ILO事務所新設

ILOがカタールに初のプロジェクト事務所を開設

2018年04月30日

 2017年11月の第331回ILO理事会カタールにおける技術協力計画が承認されたのを受け、ILOはこのたび、同国の労働条件と労働者の権利に関する包括的な事業計画の実施を支援する初のプロジェクト事務所を首都ドーハに開設しました。

 2018年4月29日の開所式にはカタール側からはイッサ・サアド・アルジャファリ・アルヌアイミ行政開発・労働・社会事項大臣、ILO側からはムッサ・ウマル現地業務・パートナーシップ担当副事務局長、ルバ・ジャラダト・アラブ総局長、そして国際労働組合総連合(ITUC)からシャラン・バロウ書記長が出席しました。アルヌアイミ大臣は、「本日はカタール国家、そしてILOとの友好にとって特別の日」と喜びを表し、事務所の開設を歓迎すると共に、国際基準、最善事例、そしてカタールの2018~22年国家開発戦略に完全に沿った包括的な事業計画の実施を改めて公約しました。ウマルILO副事務局長は、事務所の開設について、「労働者の権利保護に向けたカタール国家の公約の証」と評価し、前途に横たわる重要な仕事に注意を喚起しつつ、パートナーとの密接な協同活動がカタール全土で労働者の人間らしい労働・生活条件の確保を導くことへの確信を表明しました。

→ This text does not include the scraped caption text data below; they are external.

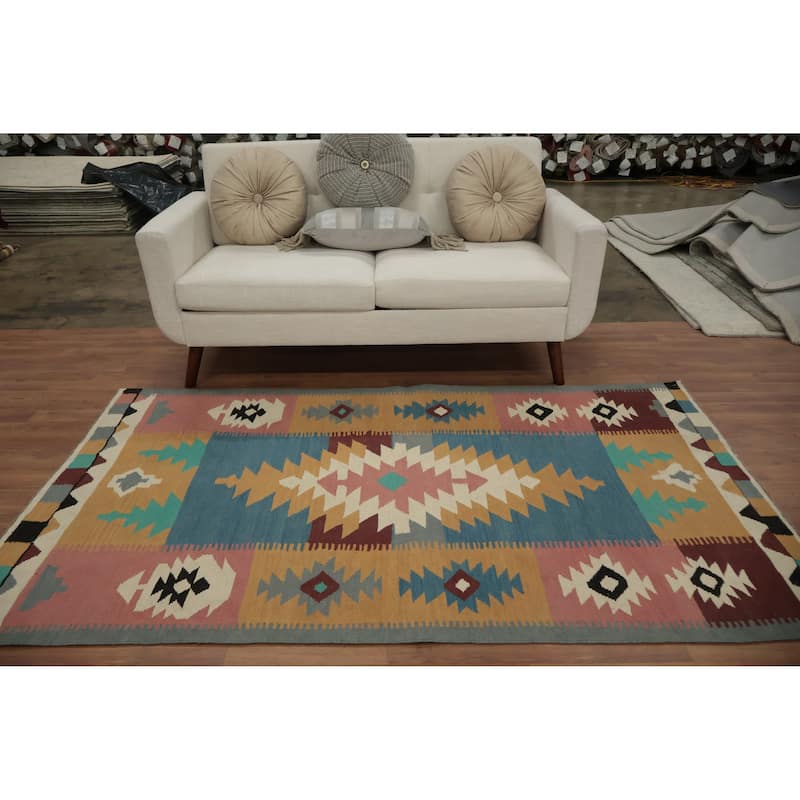 Hand Woven Oriental 100% Wool Carpet Southwestern Tribal Multi-Colored Kilim Area Rug - 7' 0'' X 4' 2''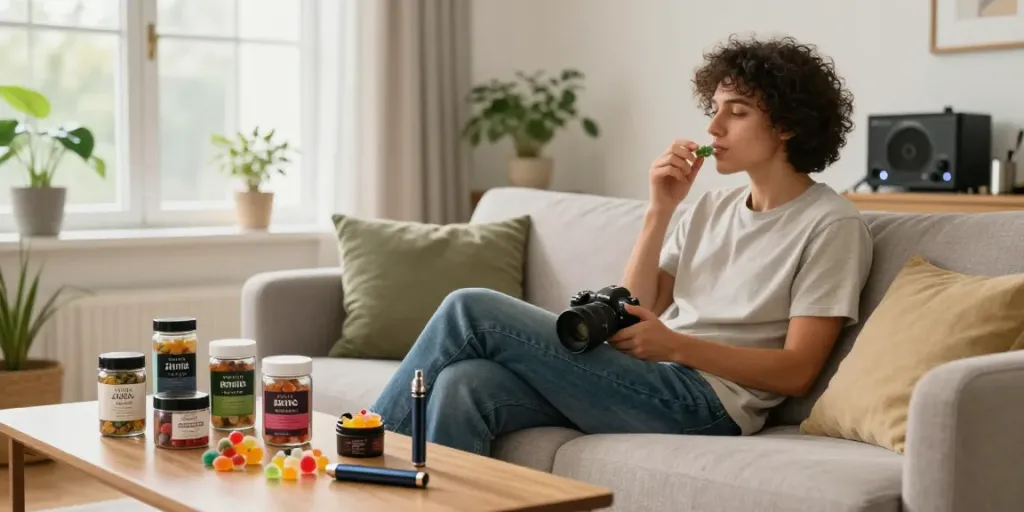 Enjoying premium cannabis products in a modern urban apartment with natural lighting.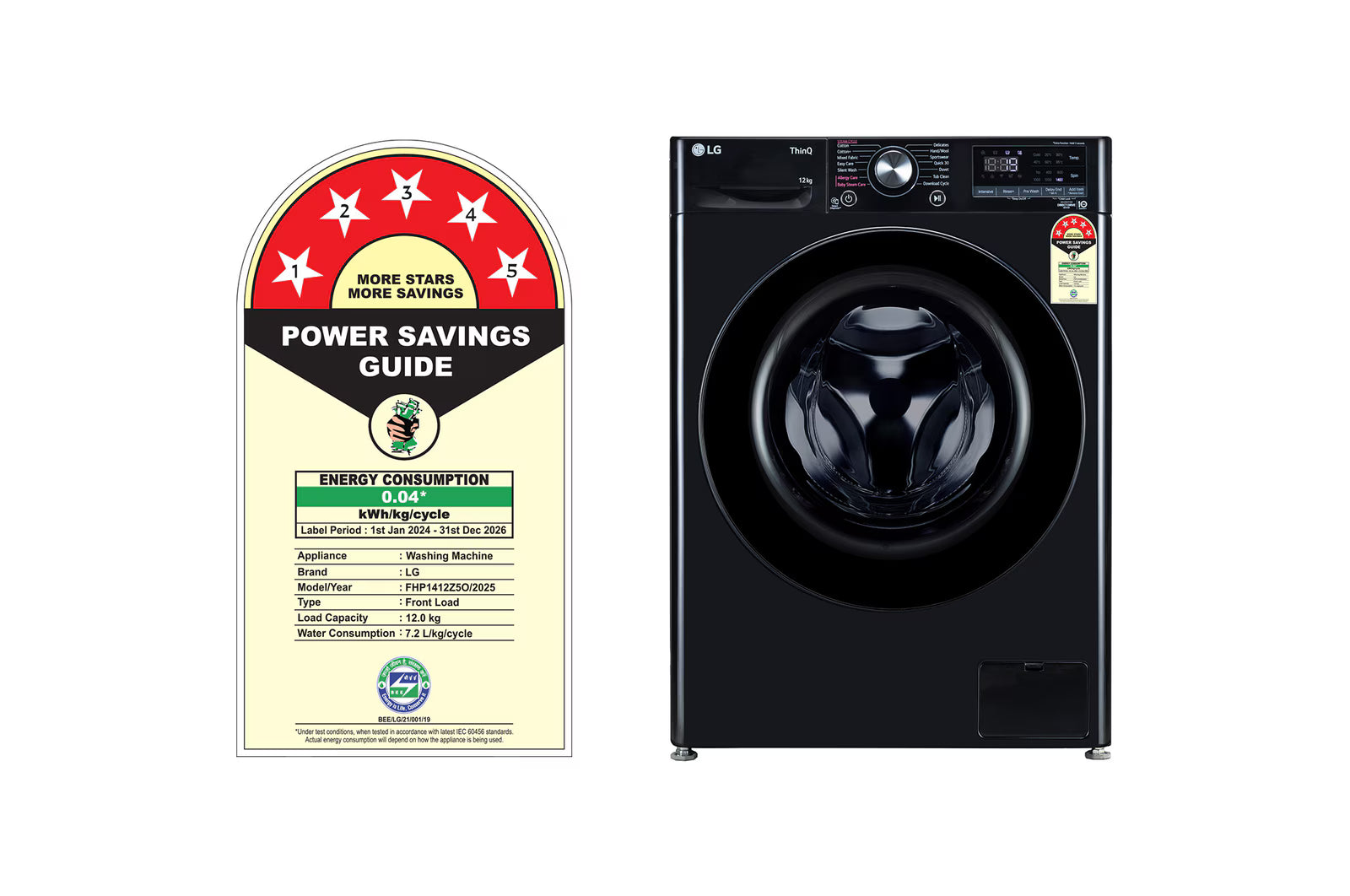 LG FHP1412Z3O 12Kg Front Load Washing Machine, AI Direct Drive™, Onyx Black Mahajan Electronics Online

 第331回理事会の決定は、2018~20年の期間、労働関連事項で協力し合うというILOとカタール政府相互の公約を反映しています。この協力計画は雇用法規に関連した様々な改革を実行し、労働者の権利を保護し促進する追加的な保障を提供するカタール政府の取り組みの一部を成しています。協力計画の下、ILOは政府その他の利害関係者と共に、移民労働者の雇用条件及び募集・斡旋慣行の改善、賃金の適時払いの確保、労働監督及び労働安全衛生基準の強化、強制労働からの保護の向上、労働関連事項についての労働者への発言力の付与といった活動を予定しています。また、カファーラ保証人制度を契約に基づく雇用制度に置き換えるためにカタール政府が採用した様々な措置の実行を支援することにもなります。

 以上はILOアラブ総局によるドーハ発英文記者発表の抄訳です。